Storefront of Dorchester Pizza in Secretary, Maryland, with a green awning, a crab holding a pizza slice on the sign, an open sign, and a banner advertising happy hour specials.
Summary

Dorchester Pizza is a small-town pizzeria on Main Street in Secretary, Maryland, serving pizza, pasta, subs, wings, salads, and other casual meals from the heart of town. In a place as small as Secretary, a Main Street pizza shop is more than a menu — it is part of the everyday local fabric.

Dorchester Pizza sits at 107 Main Street in Secretary, one of Dorchester County’s small incorporated towns along the Eastern Shore. Its storefront is easy to recognize: a green awning, a large Dorchester Pizza sign with a crab holding a slice, Maryland flag colors, an open sign in the window, and a bright banner advertising happy-hour specials, beer and wine, and daily deals.

The public details are straightforward. Dorchester Pizza lists its phone number as 410-943-6442 and its hours as Sunday through Thursday from 11 AM to 9 PM, and Friday through Saturday from 11 AM to 10 PM. The business uses both DorchesterPizza.com and DorchesterPizzeria.com for online presence and ordering information. Its official site emphasizes pizza, pasta, homemade dough, fresh ingredients, and a wider menu of casual dining options.
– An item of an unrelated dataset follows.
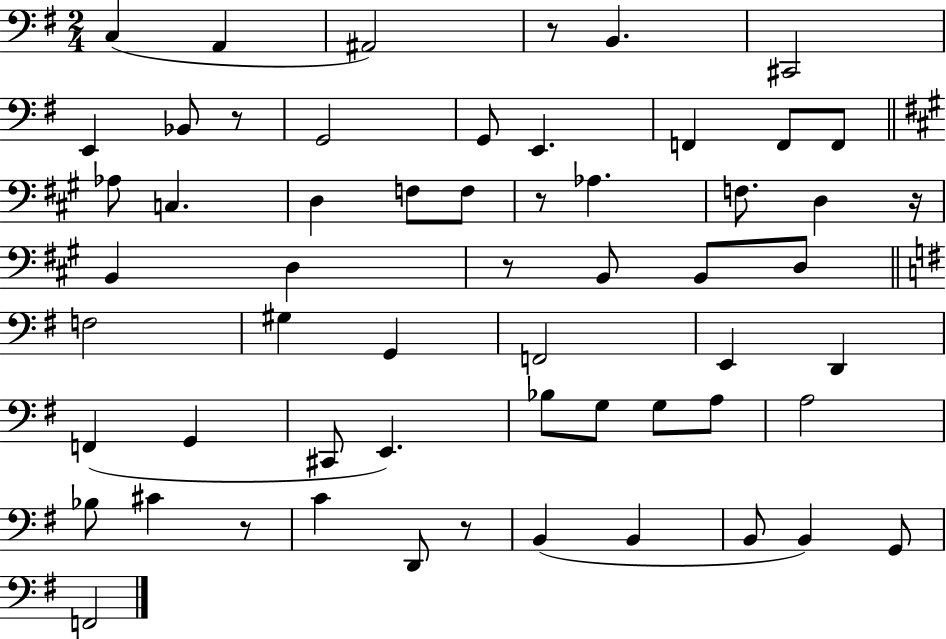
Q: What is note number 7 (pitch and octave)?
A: Bb2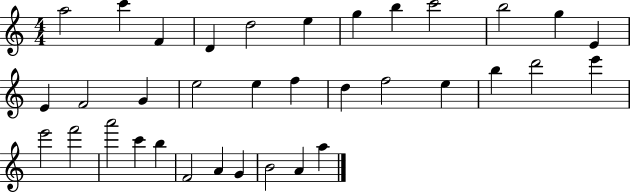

That menu variety matters in a small town. Dorchester Pizza is not only a place for a pizza order. Public menu listings point to pasta, wings, burgers, quesadillas, sandwiches, subs, wraps, grinders, strombolis, calzones, salads, appetizers, desserts, and breakfast-style items. The storefront photo also shows beer and wine availability and daily specials. For a local reader, that helps explain the role of the place: it can serve lunch, dinner, takeout, a quick slice, a family order, or a casual stop on Main Street.

Secretary gives the business its context. The town is small, with Main Street carrying more weight than a road name might suggest. In communities like this, a restaurant is often part of the town’s practical infrastructure. It gives people somewhere close to eat without driving farther, somewhere to pick up dinner after work, somewhere a family can agree on, and somewhere visitors can identify quickly when they pass through.

That kind of usefulness is easy to underestimate. A pizzeria in a larger town may be one choice among many. A pizzeria in a small Dorchester County town can become a local reference point. People learn its sign, its hours, its phone number, its specials, and its place in the rhythm of errands, school nights, river days, workdays, and weekend plans.

Dorchester Pizza also carries a bit of local visual personality. The crab-with-pizza sign is not generic chain branding. It places the shop in Maryland and Dorchester County at a glance, mixing a familiar pizza-shop image with a Shore symbol. The result is playful without feeling polished into sameness. It looks like a local business trying to be noticed on its own street, in its own county, by people who know where they are.

For LifeOnTheShore, Dorchester Pizza belongs in the local place guide because small-town food spots are part of how communities hold together. They may not always be historic landmarks in the formal sense, but they become part of local memory through repetition: the order picked up on the way home, the slice after an errand, the family dinner when nobody wants to cook, the familiar storefront seen again and again from Main Street.

The best way to understand Dorchester Pizza is as both a restaurant and a local convenience with personality. It is a Main Street pizzeria in Secretary, serving the kind of food people return to because it fits real life. That is worth documenting, especially in a rural county where everyday places can say as much about community life as the better-known destinations.